RECRUITING NEW BOARD MEMBERS SHOULD BE A COURTSHIP

 

Board engagement

I hear from several of my nonprofit clients that board engagement is a challenge; getting board members to do more than just show up once a month for board meetings has proven more difficult than they expected. I like to work from the assumption that community members who agree to join a nonprofit board do so with the best of intentions of giving back, making a difference in their local community. And I do believe that’s true. What I’ve also come to believe, however, is that the average community member doesn’t really understand what being a board member for a small nonprofit organization entails.

So, how do we get our board to be more engaged?

The bigger question for me is: how can you get board members who are already engaged? People who understand your nonprofit, your mission, the expectations you place on board members and what ‘engagement’ looks like to your particular organization?

I’ve talked in several of my presentations and seminars/webinars about what I call the upside-down funnel. In the upside-down funnel, nonprofit organizations are recruiting board members directly from the general public. Adding people who have no experience with board membership, have never spent a minute volunteering for your organization, and don’t know what will be expected of them. They typically either complete just one term or step down early and maybe they just stick around to be on one of your committees. From the committees, these previous board members then select one particular event, program or project that they enjoy, drop out of the committee and ask to just be called once a year when that event, program or project comes around again. And maybe they stick to it, or maybe they just fade back out into the general population.

Think about the shape of a funnel and imagine that you’re holding it with the wide end up and the narrow part at the bottom: you’ve take the general public onto the board, and as the funnel narrows they’ve descended onto a committee, then a project or event and then dropped out of the funnel completely.

I’d like to see groups flip the way they sift people through their funnel; creating a pipeline of engaged board members who climb their way to the top…just like you would at a major corporation. You start by recruiting volunteers from the general public. (Ignore that you have empty board seats! It’s perfectly fine to have empty seats while you wait for the right people to rise to the top, as long as you’re meeting the minimum state requirement for board members.)
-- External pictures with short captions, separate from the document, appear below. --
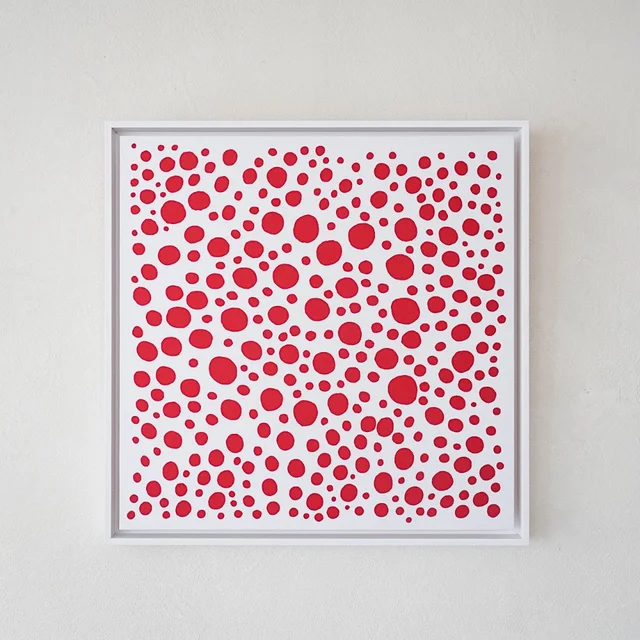 Pray for World Peace in the Sun by Yayoi Kusama, an artist-designed object featuring abstract lines, in red / orange tones. Cover image.
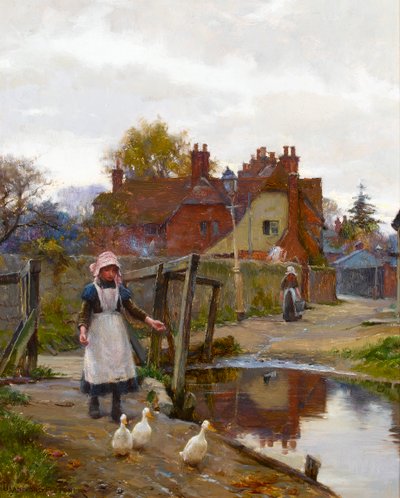 Llevando a casa los patos por el viejo puente, Abingdon de William Teulon Blandford Fletcher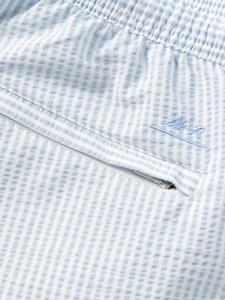 Прямые шорты для плавания средней длины из полосатой ткани сирсакер MR P., голубой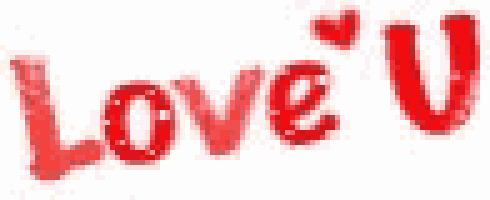 the word love is written in red letters on a white background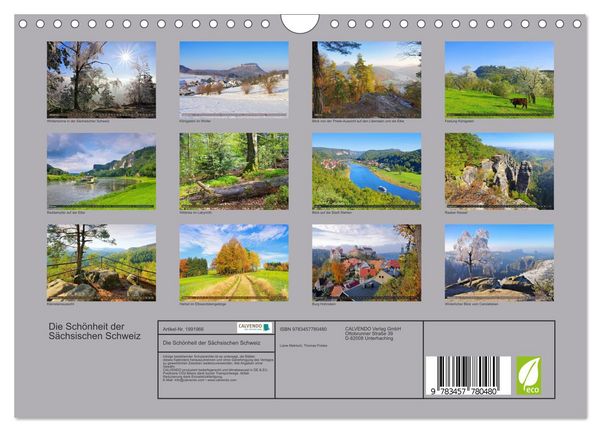 Produktbild: Die Sch&ouml;nheit der S&auml;chsischen Schweiz (Wandkalender 2026 DIN A4 quer), CALVENDO Monatskalender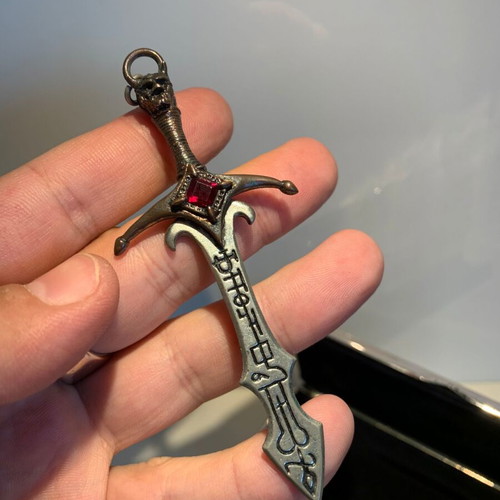 Alchemy Gothic Sword Pendant used, 1993, pewter and crystals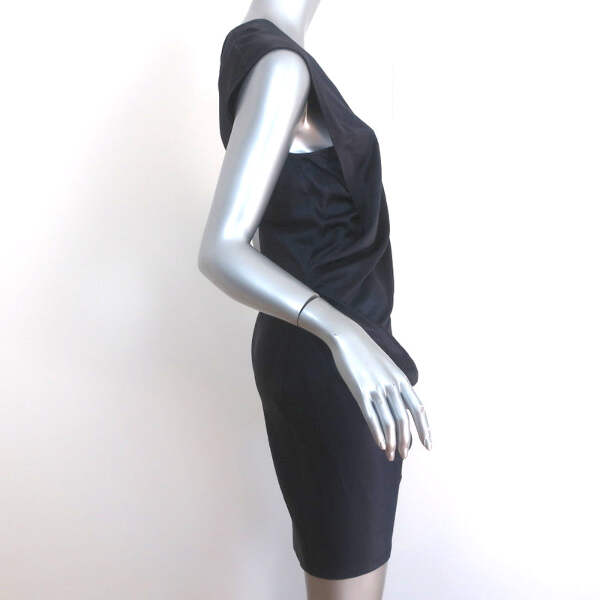 helmut lang asymmetric mini dress HELMUT LANG Black Asymmetric Mini Dress NWT Twisted Long Sleeve Women's M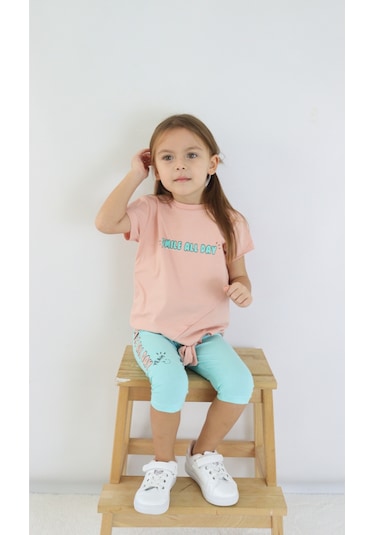 Kız Çocuk Kaprili Kısa Kollu Yazlık Basic Takım 2-5 Yaş 001
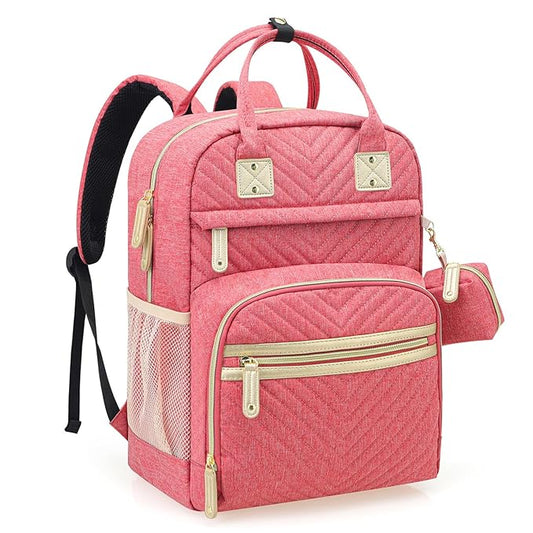 Tuwubi Diaper Bag Backpack, Baby Essentials Travel Tote Bag, Multi function Waterproof Backpacks, Travel Essentials with Stroller Straps & Pacifier Case - Pink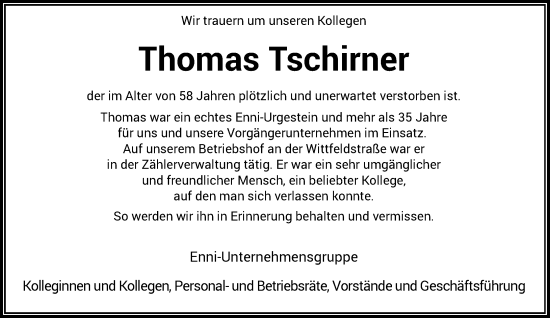 Traueranzeige von Thomas Tschirner von Rheinische Post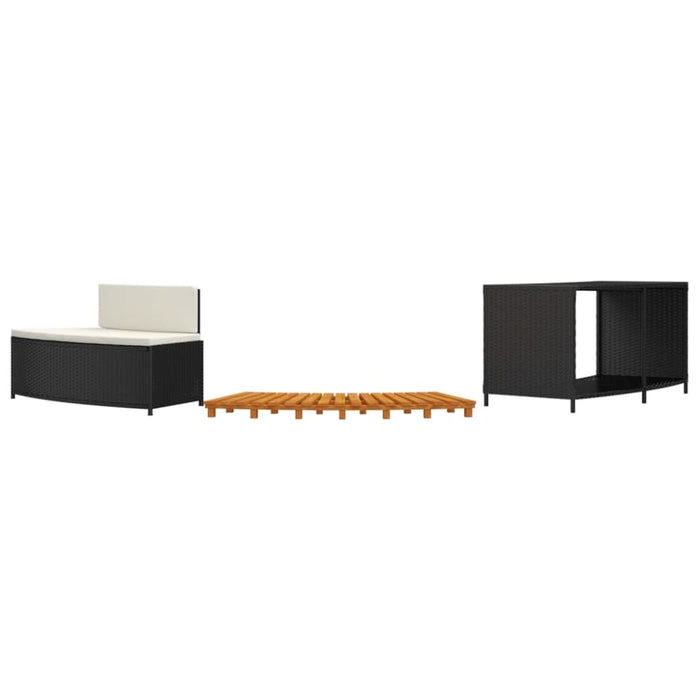 Spa Surround Black Poly Rattan And Solid Wood Acacia Tlxxpi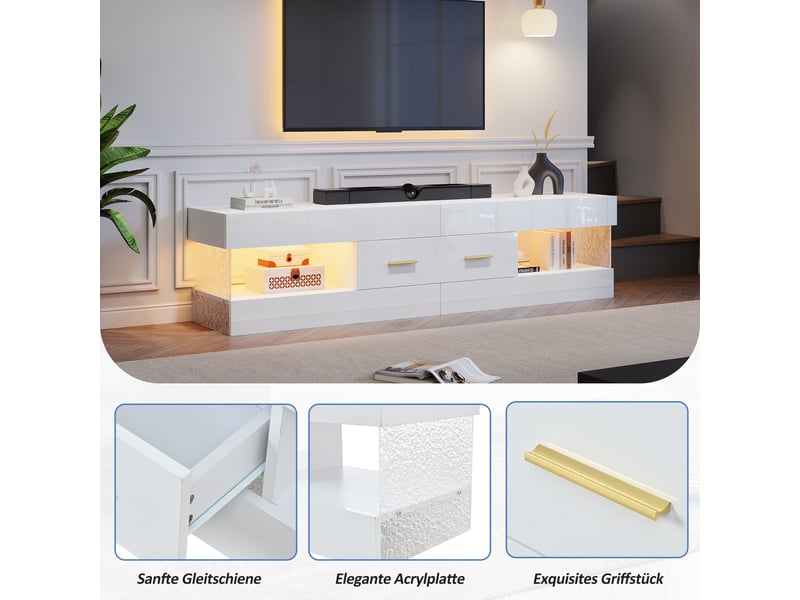 Meuble tv led 152 cm blanc laqué avec 2 tiroirs, étagères ouvertes et panneaux acryliques – pour tv jusqu’à 75 pouces - Conforama E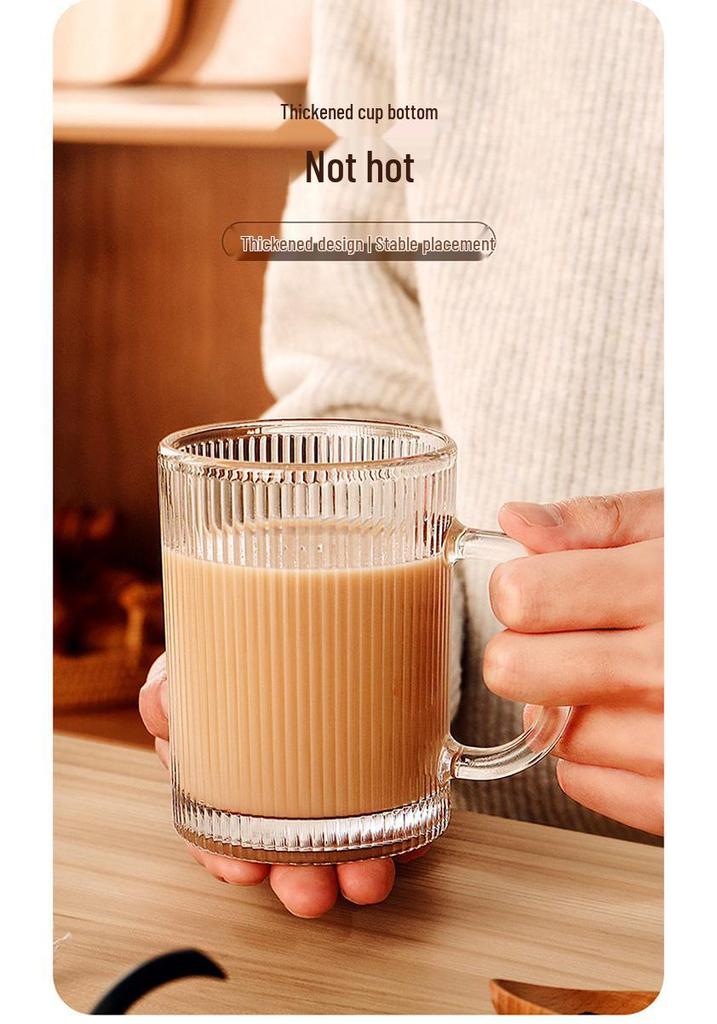 Thick Vertical Stripe Glass Cups with Handles - Set for Coffee, Juice, Water, and Milk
Train your volunteers, educate them about the organization, and give them items to work on that help advance your mission, your events, programs and projects. Then look around and select the best, most committed, reliable volunteers and ask them to join one of your committees.

The committee members who have proven that they’re willing and able to put in the time, who understand your organization and its mission, who are excited by and engaged in the work and making an impact in the community – those are the people you invite to apply for a position on your board.

Notice I used the words invite and apply. It should be a privilege to serve in such an esteemed capacity. And you should, eventually, wind up with more applicants than you have seats on the board. Now you get to handpick the best, most engaged people to serve on your board.

Flipping the funnel and creating that pipeline is a slow process, to be sure. But let me ask you: would you rather have a board filled with disengaged members who rarely do more than show up for a monthly meeting or a bunch of empty board seats but a cadre of engaged volunteers and active committees advancing your mission and helping you make a deeper impact in your community?

We need to court our community members, get to know them, find ‘our tribe’, the people who just click with the mission. Making public pleas for new board members, in my opinion, seems a tad (or more!) needy and gives the impression that you’ll take anyone you can get and are willing to accept the bare minimum. Let’s play the long game instead. It may not solve your engagement issue today, but in the long term I think it will pay off.